Since the industrial revolution, the ocean has taken up ~28% of all carbon dioxide emitted by human activities (IPCC AR5). The vast majority of this uptake has occured through the "solubility pump" whereby cold high latitude waters (which can hold more gas) densify and sink into the ocean interior, bringing anthropogenic carbon with them. The solubility pump is not completely efficient, however, and its unclear how exactly its efficiency will change in the future. Because noble gases are also taken up by cooling, densifying high latitude waters but are only sensitive to physics, their concentrations throughout the ocean interior provide important clues about the physical mechanisms that regulate gas uptake efficiency during deep-water formation. Our group is working with collaborators to further develop noble gases and their isotopes as a suite of complementary tracers of the ventilation efficiency of the deep ocean. We are developing new analytical techniques, making new measurements in the deep ocean, incorporating these tracers into models, and carrying out lab experiments to better constrain their sensitivities to different processes. Ongoing work to develop Ar, Kr, and Xe isotope tracers is supported by NSF OCE Award #1923915.

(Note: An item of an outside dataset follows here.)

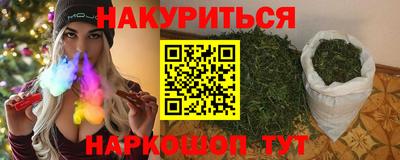 молекула духа Кулебаки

How Do Groundwater Levels Respond to Climate Change?
Building upon the "noble gas paleothermometer" mentioned above, we have recently developed a tool for reconstructing past water-table depths from high-precision measurements of dissolved heavy noble gas isotope ratios in groundwater. The basis for this new paleohydrological tool is rooted in gravitational settling in unsaturated zone air, a well-understood physical process that results in enrichment of heavy-to-light gas ratios with depth. As Kr and Xe in unsaturated zone air dissolve into groundwater at the water table, the gravitational signal is ‘locked in.’ Recent measurements of dissolved Kr and Xe stable isotope ratios at 5 per meg amu-1 precision (1σ) from 36 groundwater wells confirm the expected signal of gravitational settling (Seltzer et al., 2019). Reconstructions of water-table depth in modern groundwater samples agree with historical observations, and paleogroundwater measurements from San Diego (California, USA) indicate ~18-meter shallower mean water-table depths during the last glacial period, consistent with a wetter glacial climate in Southern California. We have ongoing projects to improve analytical precision and better interpret these signals in a hydrogeological framework to constrain past changes in regional water budgets. This work was supported by an NSF Graduate Research Fellowship to A. Seltzer and NSF EAR Award #1702704.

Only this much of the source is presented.